Self-supervised learning of a visual texture representation for cortical area V2N Parthasarathy and E P SimoncelliPublished in From Neuroscience to Artificially Intelligent Systems (NAISys), Nov 2020. |
In this work, we develop a parametric functional model for V2. The model uses a first stage of oriented linear filters (corresponding to cortical area V1), consisting of both rectified units (simple cells) and pooled phase-invariant units (complex cells).These responses are provided as input to a V2 stage that consists of a set of learned convolutional filters followed by half-wave rectification and pooling to generate V2 'complex cell' responses.

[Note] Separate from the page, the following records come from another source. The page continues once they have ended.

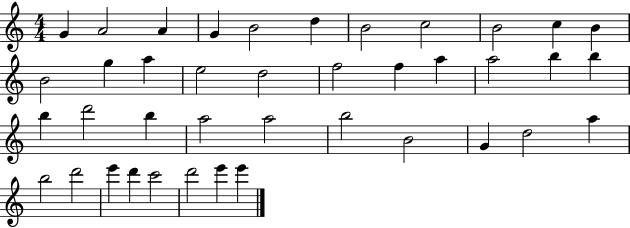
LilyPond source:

{
  \clef treble
  \numericTimeSignature
  \time 4/4
  \key c \major
  g'4 a'2 a'4 | g'4 b'2 d''4 | b'2 c''2 | b'2 c''4 b'4 | \break b'2 g''4 a''4 | e''2 d''2 | f''2 f''4 a''4 | a''2 b''4 b''4 | \break b''4 d'''2 b''4 | a''2 a''2 | b''2 b'2 | g'4 d''2 a''4 | \break b''2 d'''2 | e'''4 d'''4 c'''2 | d'''2 e'''4 e'''4 | \bar "|."
} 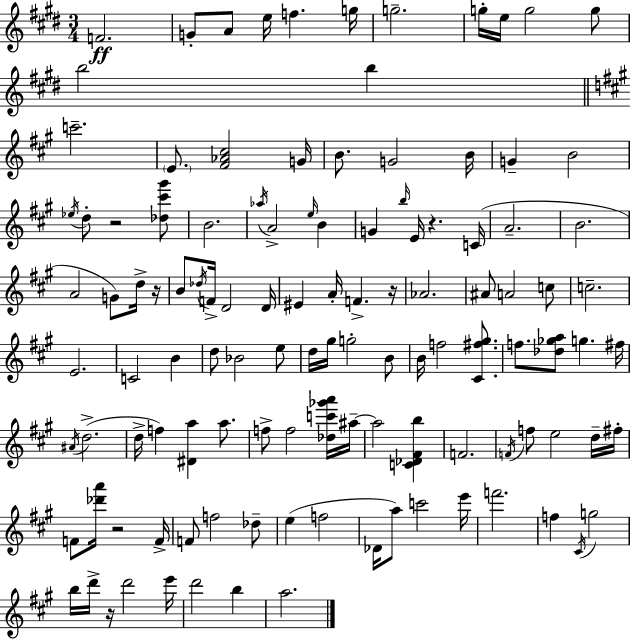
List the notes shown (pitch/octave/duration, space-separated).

F4/h. G4/e A4/e E5/s F5/q. G5/s G5/h. G5/s E5/s G5/h G5/e B5/h B5/q C6/h. E4/e. [F#4,Ab4,C#5]/h G4/s B4/e. G4/h B4/s G4/q B4/h Eb5/s D5/e R/h [Db5,C#6,G#6]/e B4/h. Ab5/s A4/h E5/s B4/q G4/q B5/s E4/s R/q. C4/s A4/h. B4/h. A4/h G4/e D5/s R/s B4/e Db5/s F4/s D4/h D4/s EIS4/q A4/s F4/q. R/s Ab4/h. A#4/e A4/h C5/e C5/h. E4/h. C4/h B4/q D5/e Bb4/h E5/e D5/s G#5/s G5/h B4/e B4/s F5/h [C#4,F#5,G#5]/e. F5/e. [Db5,Gb5,A5]/e G5/q. F#5/s A#4/s D5/h. D5/s F5/q [D#4,A5]/q A5/e. F5/e F5/h [Db5,C6,Gb6,A6]/s A#5/s A#5/h [C4,Db4,F#4,B5]/q F4/h. F4/s F5/e E5/h D5/s F#5/s F4/e [Db6,A6]/s R/h F4/s F4/e F5/h Db5/e E5/q F5/h Db4/s A5/e C6/h E6/s F6/h. F5/q C#4/s G5/h B5/s D6/s R/s D6/h E6/s D6/h B5/q A5/h. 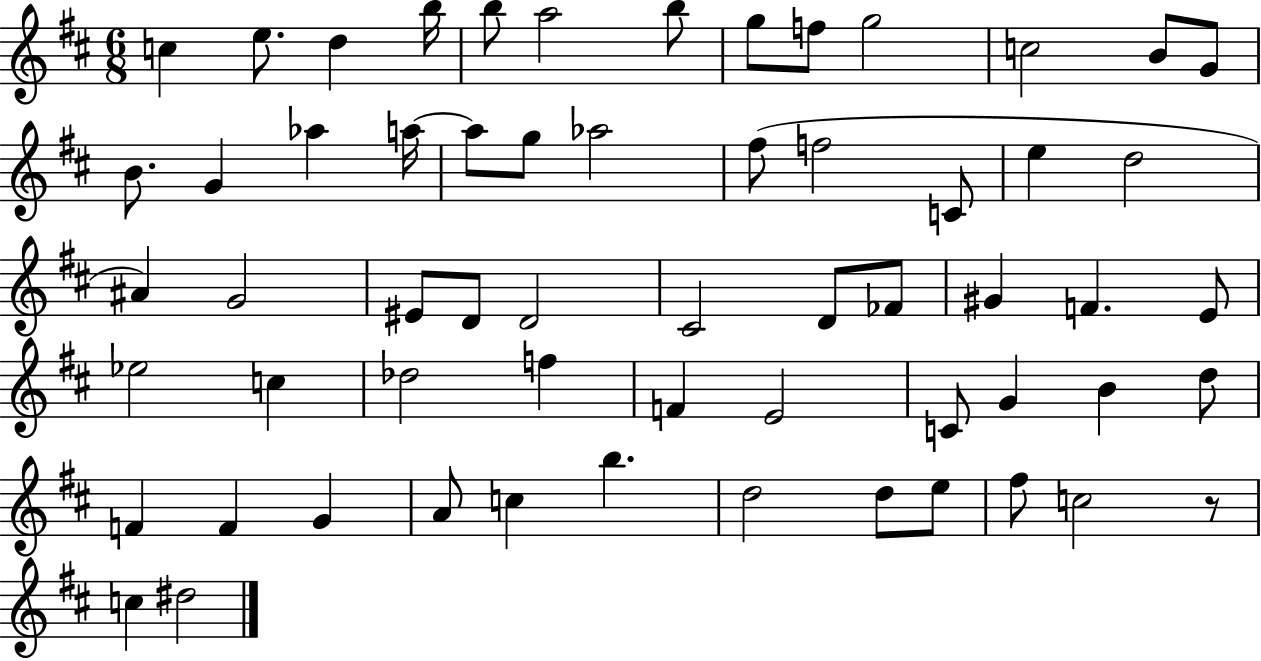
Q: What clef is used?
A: treble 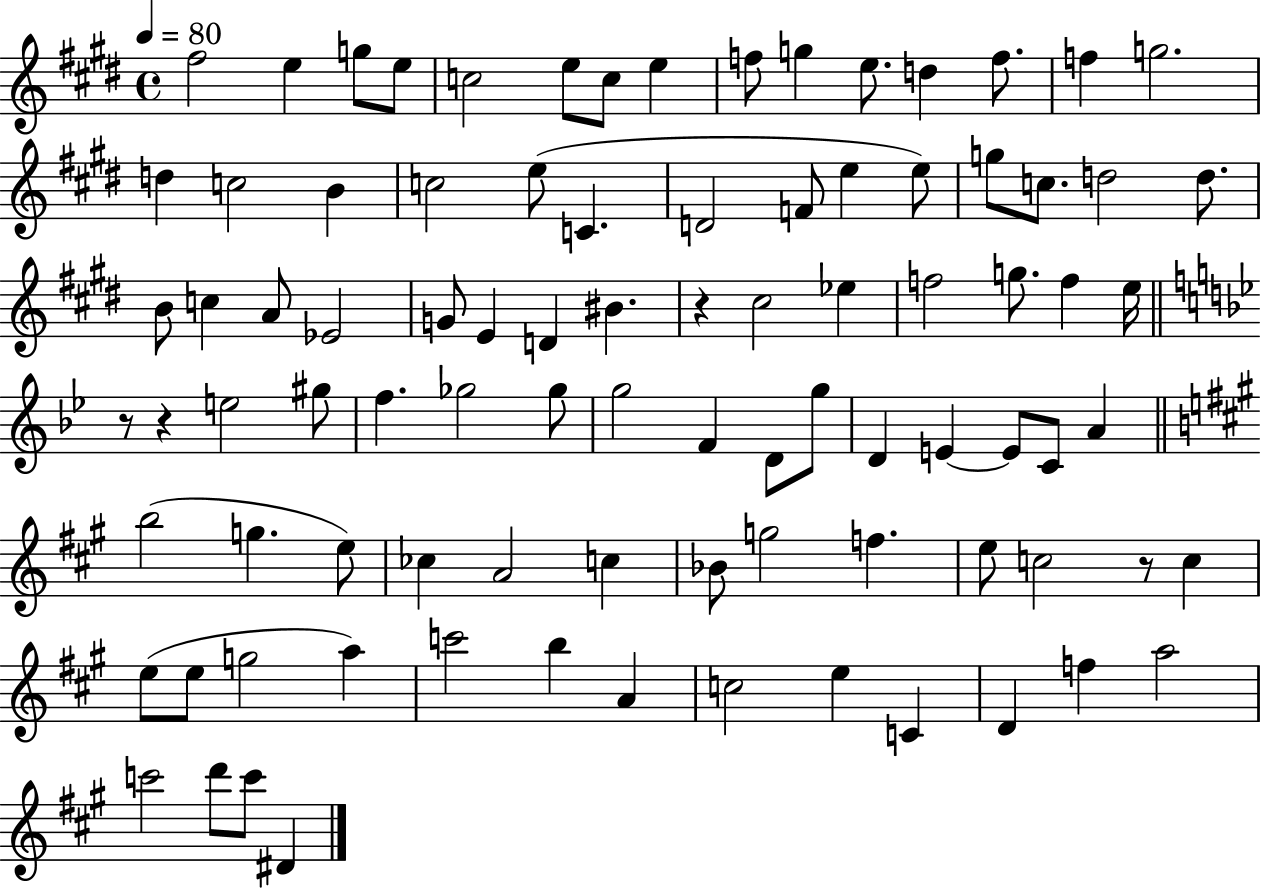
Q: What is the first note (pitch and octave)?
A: F#5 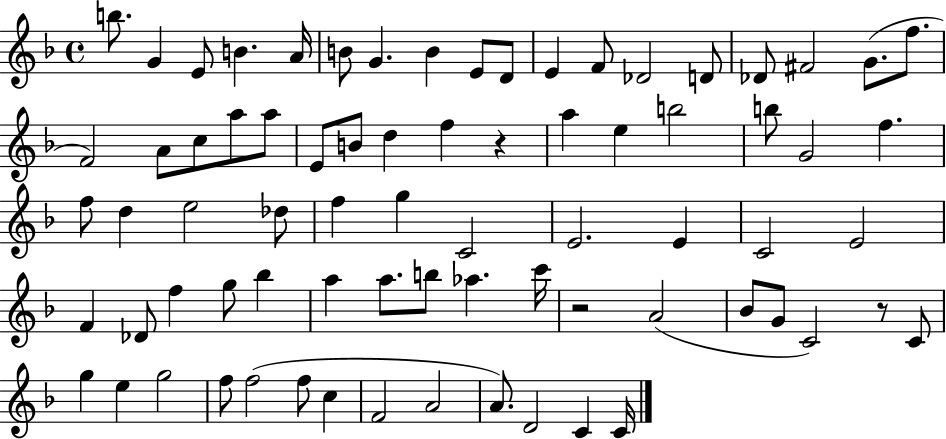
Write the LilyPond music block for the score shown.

{
  \clef treble
  \time 4/4
  \defaultTimeSignature
  \key f \major
  b''8. g'4 e'8 b'4. a'16 | b'8 g'4. b'4 e'8 d'8 | e'4 f'8 des'2 d'8 | des'8 fis'2 g'8.( f''8. | \break f'2) a'8 c''8 a''8 a''8 | e'8 b'8 d''4 f''4 r4 | a''4 e''4 b''2 | b''8 g'2 f''4. | \break f''8 d''4 e''2 des''8 | f''4 g''4 c'2 | e'2. e'4 | c'2 e'2 | \break f'4 des'8 f''4 g''8 bes''4 | a''4 a''8. b''8 aes''4. c'''16 | r2 a'2( | bes'8 g'8 c'2) r8 c'8 | \break g''4 e''4 g''2 | f''8 f''2( f''8 c''4 | f'2 a'2 | a'8.) d'2 c'4 c'16 | \break \bar "|."
}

We optimize the filters in the V2 stage over a dataset of homogeneous texture images, using a novel learning objective that aims to separate texture image families in the V2 response space. Rather than use texture class labels as a supervision signal, we develop a more biologically plausible self-supervised objective function that is inspired by contrastive learning methods developed in machine learning. The objective aims to maximize the distance between the distribution of V2 responses to each individual image and the distribution of responses across all images We use this method to learn a single layer of V2 filters, but the layer-wise nature of the objective provides the potential to learn filters in multiple stages of a hierarchical model without requiring backpropagation of gradients across multiple layers.
Our trained model successfully captures texture family invariances in a low-dimensional representation, surpassing texture classification performance of deep supervised networks when trained in small data regimes. Moreover, we show that relative to deep nets, the learned model has a stronger representational similarity to both texture responses of neural populations (recorded in primate V2) and human texture perception.